WORK TASK: With the pictures excluded, repeat every entry exactly.

_ _ _

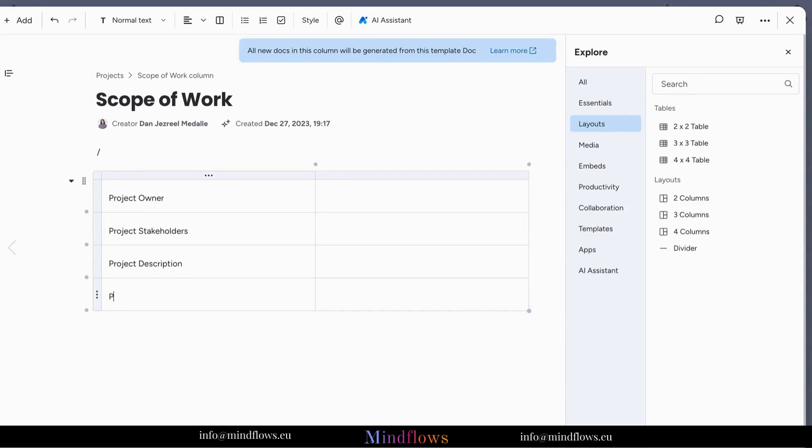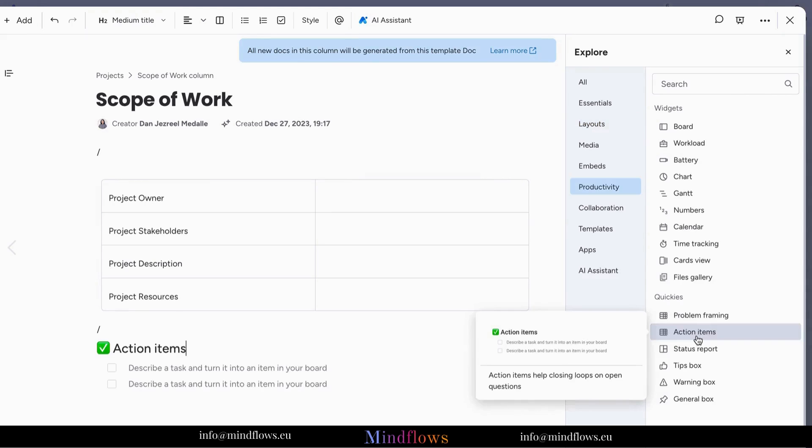In this case, we are adding a table. In each box we are putting this information: project owner, stakeholders, description of the project and resources.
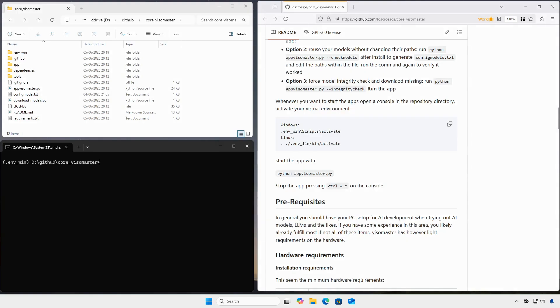You can run the check models command again to confirm that the app can see your models.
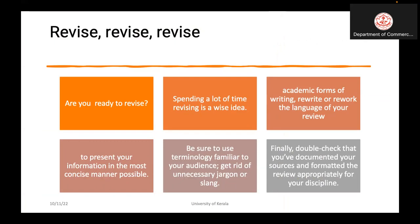Revising is very important — spending a lot of time revising your ideas. Rewriting and reworking is a very important part of the literature review. You should also avoid unnecessary jargon or slang; it should be written in an understandable manner. Finally, double-check that you have documented your sources and formatted the review appropriately for your discipline.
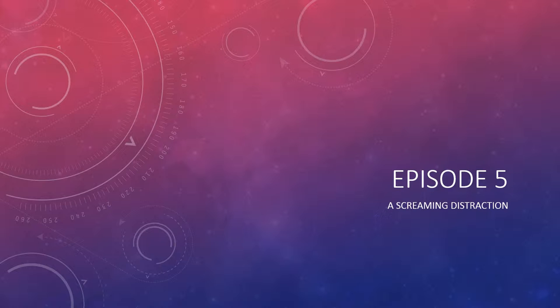Episode 5, A Screaming Distraction. In this episode, we're going to cover noise issues.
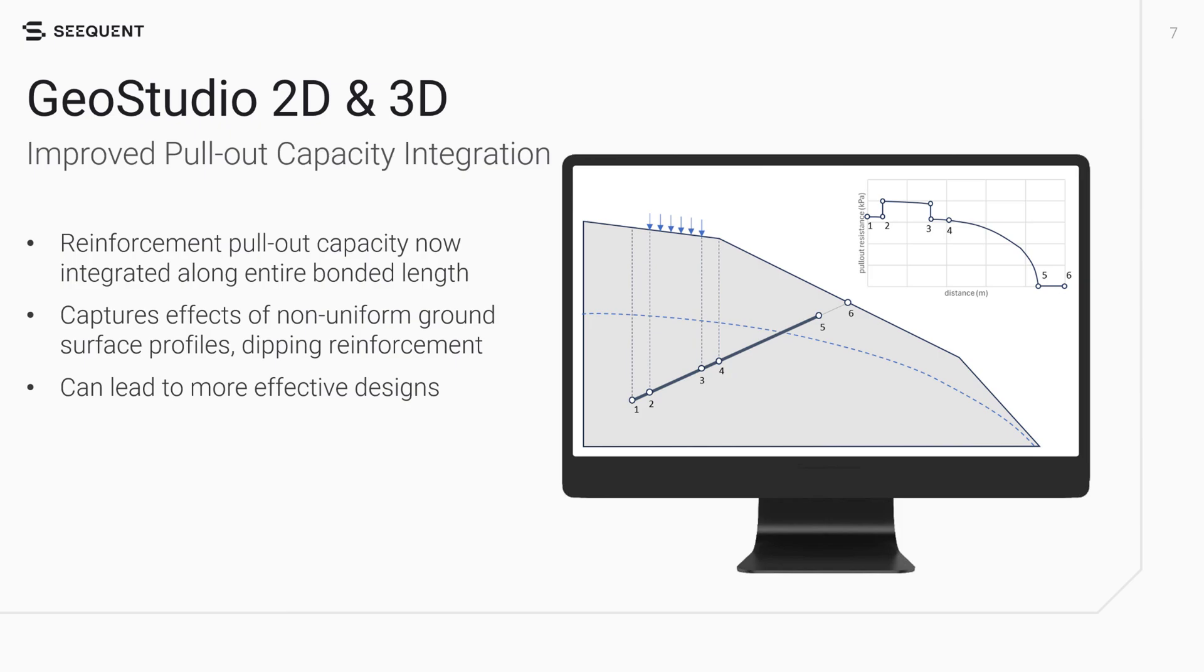The new approach numerically integrates pullout capacity along the entire bonded length of the reinforcement in both 2D and 3D limit equilibrium analyses. This advanced method captures the effects of non-uniform ground surface profiles and dipping reinforcement, providing a more accurate and reliable assessment of slope stability, which in turn leads to more cost-effective stabilization designs.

_ _ _

RESULT:
In this case, we are adding a table. In each box we are putting this information: project owner, stakeholders, description of the project and resources.
You can run the check models command again to confirm that the app can see your models.
Revising is very important — spending a lot of time revising your ideas. Rewriting and reworking is a very important part of the literature review. You should also avoid unnecessary jargon or slang; it should be written in an understandable manner. Finally, double-check that you have documented your sources and formatted the review appropriately for your discipline.
Episode 5, A Screaming Distraction. In this episode, we're going to cover noise issues.
The new approach numerically integrates pullout capacity along the entire bonded length of the reinforcement in both 2D and 3D limit equilibrium analyses. This advanced method captures the effects of non-uniform ground surface profiles and dipping reinforcement, providing a more accurate and reliable assessment of slope stability, which in turn leads to more cost-effective stabilization designs.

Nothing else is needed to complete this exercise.